Thursday, May 31, 2007

Last Post of May

I followed a link the other day from a comment on Making Light (thanks, Marilee!) and am now reading through the archives of yet another new (to me) webcomic, Two Lumps! There's a series of strips featuring the Two Lumps cats and a Roomba-like device! (keep clicking 'next' for the whole story-arc). I really believe you can't go wrong with the Roomba + cute mammal combo.

The comic is hosted on Keen Spot, which I can subscribe on my reader, unfortunately I have to scroll through all the strips I don't read to get to the ones I do (and so far there are two, Two Lumps and The Devil's Panties.

Do you remember the fads of your youth? I'm thinking of things like when I was in elementary school and everyone was doing those origami type folded paper "fortune" games - you picked a number (after the paper device was opened and closed in the proper ritualistic sequences) then a letter (more ritual) and finally got to lift the folded paper inside to find something written like "your secret crush knows you love him" or "you're the teacher's pet" (and the spelling wasn't always that good).

Then there was the jacks fad - could you ever get to tensies or higher? We didn't have superballs then, we used these little red rubber balls that didn't bounce all that high.

There was a brief time when all the girls would play on the parallel bar, spinning around and around it until you got sick or wore a hole in the sweater you used to keep from sticking to the bar and scraping all the skin under your knee off.

These days it's LOLcats and all the permutations thereof. LOLpresidents (at FARK, which may not always be SFW), LOLgerbils (hosted at LOLgay) (who spell it gebril and I love that to death - as well as the gebrils which are just so damned cute), LOLPilgrims, for the literate and an entire comment thread on Making Light of literate lolisms...apparently we've reached LOLsingularity.

Finally, for tonight that is, I had read a rumor that said:
On Monday, Publishers Weekly reported that Bookspan, acquired just six weeks ago by Bertelsmann, will cut 280 positions and close some of its book clubs, which include Book-of-the-Month, Doubleday and The Literary Guild. It looks as if the 54-year-old Science Fiction Book Club, which offers a selection of graphic novels and comic novelizations, will be among the casualties.

Although there haven’t been any official announcements, science fiction editor Jonathan Strahan reported on his blog yesterday that SFBC’s only editors — Editor-in-Chief Ellen Asher and Senior Editor Andrew Wheeler — have lost their jobs at Bookspan. Strahan says Bertelsmann probably will merge SFBC with its Doubleday Book Club.
However, an update post raises hopes that this is not the case.

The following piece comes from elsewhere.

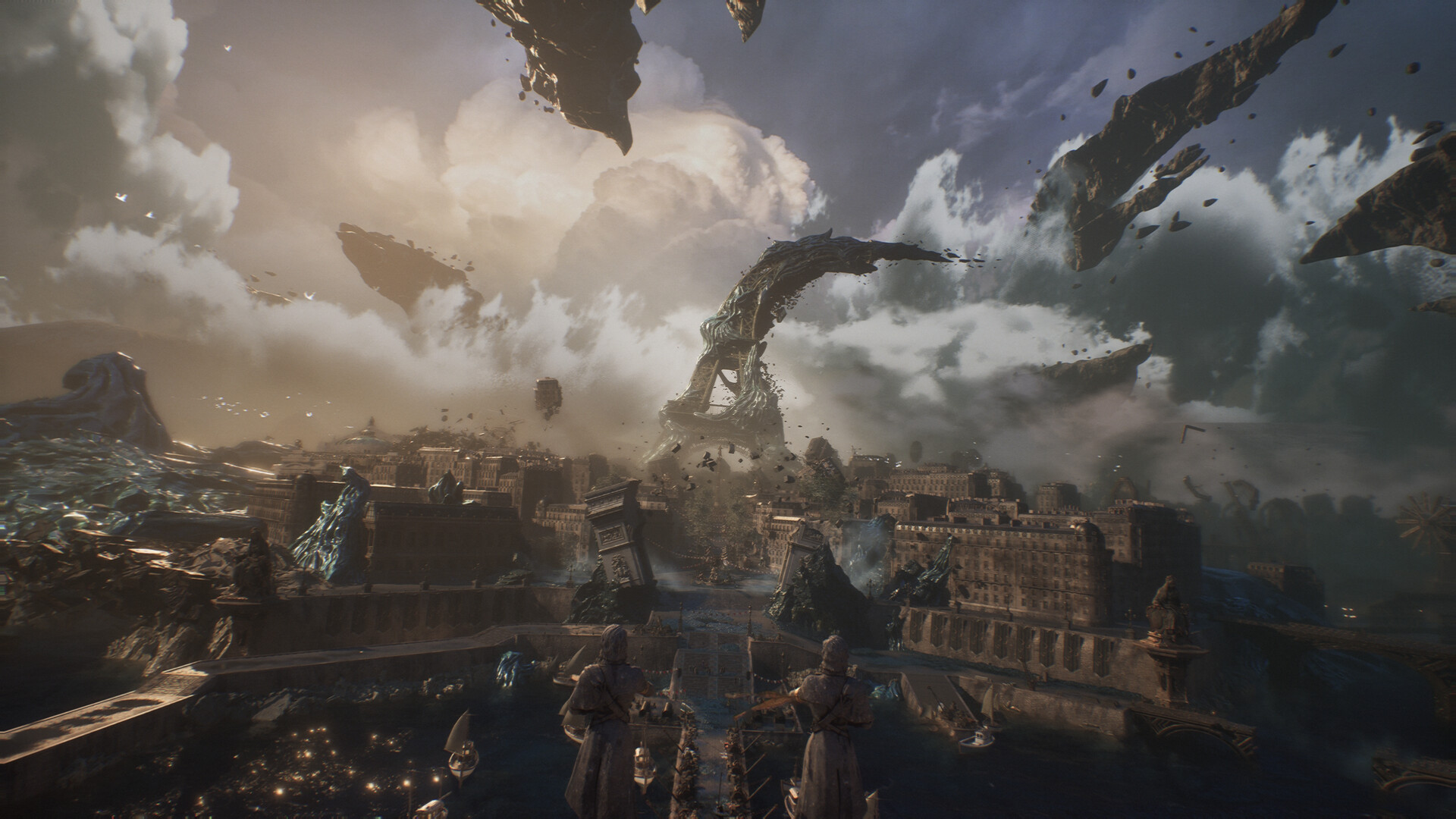 PC游戏《光与影:33号远征队/Clair Obscur: Expedition 33》中文v61339下载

I would be very sad to see the SFBC close. I have been a faithful member for over 30 years. I've been so loyal that about 15 years ago they took me off the "you better send in your card that says you are opting out of the monthly selection or we're gonna send it to you anyway and charge you for it" membership to "you just buy our books when ever you like, no worries about that selection response thingie". And I do buy from there, a lot. I hope it stays around for a long time.

2 comments:

bunnygirl said...

Regarding childhood fads, one I remember fondly was "Chinese Jump Rope." It might've had other names outside San Antonio, Texas, but that's what we called it.

You took a long loop of elastic (made at home or bought at a toy store) and looped it around the ankles of two people or chairs, about six-eight feet apart so the elastic was maybe four inches off the ground. Then the jumper did a complicated series of jumps inside, outside, over, and with the elastic band (so hard to describe!) while chanting "Chinese" words. (They were actually Japanese, but we were just elementary kids and didn't know the dif.

It was great fun. If you did all the jumps and didn't trip up, you could move the elastic band higher and higher. Eventually it would be too high to jump on, of course, but it was fun anyway.

I haven't yet run into anyone else who remembers this fad, but since the elastics could be bought at any toy store in the mid-1970s, I find it hard to believe it was limited to San Antonio.

Hm... childhood memories! Give me another twenty years and I'll be on my way to fogeydom!

Dawno said...

I remember that one, too. I was a teen by the'70s so I suppose I saw younger kids playing it. I think I recall that if you couldn't get, or afford, the elastic you could knot rubber bands together into a huge loop, too.